Author Iskra Pavlova
Bosnia's Federation continues search for strategic investor in Aluminij Photo: All Rights Reserved

SARAJEVO (Bosnia and Herzegovina), July 11 (SeeNews) - Bosnia's Federation government is continuing to look for strategic partners of ailing aluminium producer Aluminij, which shut down its operations earlier this week due a halt in electricity supplies, the entity's energy minister said.

"We do not believe this decision for shutting down the operations or eventually for launching bankruptcy proceedings would change the mind of potential investors since they are already well aware of the situation," Nermin Dzindic, said in a Federation government press release.
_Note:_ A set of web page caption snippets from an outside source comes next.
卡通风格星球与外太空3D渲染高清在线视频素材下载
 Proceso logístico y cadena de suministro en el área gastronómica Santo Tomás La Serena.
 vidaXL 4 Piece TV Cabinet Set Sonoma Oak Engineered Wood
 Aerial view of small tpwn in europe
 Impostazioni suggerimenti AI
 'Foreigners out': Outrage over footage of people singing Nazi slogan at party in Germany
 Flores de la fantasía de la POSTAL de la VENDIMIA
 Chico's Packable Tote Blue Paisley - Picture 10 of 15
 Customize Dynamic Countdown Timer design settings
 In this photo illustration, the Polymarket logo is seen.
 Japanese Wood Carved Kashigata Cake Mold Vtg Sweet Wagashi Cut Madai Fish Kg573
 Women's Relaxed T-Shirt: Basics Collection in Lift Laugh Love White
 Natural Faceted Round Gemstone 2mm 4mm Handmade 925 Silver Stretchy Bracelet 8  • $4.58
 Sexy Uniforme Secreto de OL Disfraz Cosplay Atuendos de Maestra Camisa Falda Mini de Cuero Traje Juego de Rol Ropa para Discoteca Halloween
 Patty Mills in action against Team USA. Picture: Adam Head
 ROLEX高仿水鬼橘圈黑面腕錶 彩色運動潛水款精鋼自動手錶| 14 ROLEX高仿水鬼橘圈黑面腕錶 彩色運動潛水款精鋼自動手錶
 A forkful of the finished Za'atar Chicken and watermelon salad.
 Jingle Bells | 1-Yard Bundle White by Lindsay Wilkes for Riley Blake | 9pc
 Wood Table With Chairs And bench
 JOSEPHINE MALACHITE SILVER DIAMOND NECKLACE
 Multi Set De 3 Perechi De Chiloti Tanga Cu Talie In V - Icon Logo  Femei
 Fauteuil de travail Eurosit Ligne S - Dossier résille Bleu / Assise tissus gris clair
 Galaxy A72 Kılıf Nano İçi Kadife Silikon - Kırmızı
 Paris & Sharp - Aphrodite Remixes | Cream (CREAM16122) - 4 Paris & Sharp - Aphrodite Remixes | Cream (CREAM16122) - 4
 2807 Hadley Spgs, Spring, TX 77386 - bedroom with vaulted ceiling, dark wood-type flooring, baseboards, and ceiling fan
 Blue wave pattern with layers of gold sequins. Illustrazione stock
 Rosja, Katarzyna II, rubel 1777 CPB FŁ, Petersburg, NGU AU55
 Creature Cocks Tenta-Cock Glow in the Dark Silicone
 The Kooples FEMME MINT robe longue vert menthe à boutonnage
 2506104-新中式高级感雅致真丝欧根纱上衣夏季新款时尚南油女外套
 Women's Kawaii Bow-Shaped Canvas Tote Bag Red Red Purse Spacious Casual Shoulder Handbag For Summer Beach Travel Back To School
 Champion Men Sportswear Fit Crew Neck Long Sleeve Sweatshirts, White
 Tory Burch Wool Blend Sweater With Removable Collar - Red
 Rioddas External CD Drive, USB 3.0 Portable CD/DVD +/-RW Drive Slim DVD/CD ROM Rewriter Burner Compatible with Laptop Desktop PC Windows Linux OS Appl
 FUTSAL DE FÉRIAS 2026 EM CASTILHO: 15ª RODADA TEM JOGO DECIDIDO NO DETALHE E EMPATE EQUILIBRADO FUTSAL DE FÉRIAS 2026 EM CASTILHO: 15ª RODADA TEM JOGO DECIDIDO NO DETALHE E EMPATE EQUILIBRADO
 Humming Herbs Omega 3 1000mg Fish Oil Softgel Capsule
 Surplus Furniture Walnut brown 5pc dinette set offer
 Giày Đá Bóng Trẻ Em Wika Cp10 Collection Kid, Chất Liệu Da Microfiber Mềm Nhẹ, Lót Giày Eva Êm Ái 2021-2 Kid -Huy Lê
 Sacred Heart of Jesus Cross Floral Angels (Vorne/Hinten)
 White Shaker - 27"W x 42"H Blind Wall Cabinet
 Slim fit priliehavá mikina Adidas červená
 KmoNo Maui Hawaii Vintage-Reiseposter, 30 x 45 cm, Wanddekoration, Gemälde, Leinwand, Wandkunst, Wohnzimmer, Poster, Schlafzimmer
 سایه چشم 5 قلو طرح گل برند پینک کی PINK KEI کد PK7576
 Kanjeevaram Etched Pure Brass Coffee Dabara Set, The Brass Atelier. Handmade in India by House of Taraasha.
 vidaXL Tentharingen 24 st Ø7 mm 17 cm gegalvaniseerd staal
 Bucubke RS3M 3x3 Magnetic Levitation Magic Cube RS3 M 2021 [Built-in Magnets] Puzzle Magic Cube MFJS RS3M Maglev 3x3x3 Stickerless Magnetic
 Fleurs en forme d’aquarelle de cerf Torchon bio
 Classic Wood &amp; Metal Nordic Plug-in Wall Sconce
He made the comments during a news conference in Sarajevo on Wednesday following the news of Aluminij's shutdown. The indebted aluminium producer had its power supply cut at midnight on Tuesday to Wednesday due to unpaid electricity bills.

Dzindic also said that Aluminij's current debt of 400 million marka ($231 million/ 205 million euro) is a result of systemic and planned work of the company's previous management teams against the interests of Aluminij and its workers.

"Somebody should take a responsibility for this," he said. "For Aluminij we should find a model of self-sustainability."

Dzindic also said that Aluminij's director Drazen Pandza was expected to file for bankruptcy already on Wednesday.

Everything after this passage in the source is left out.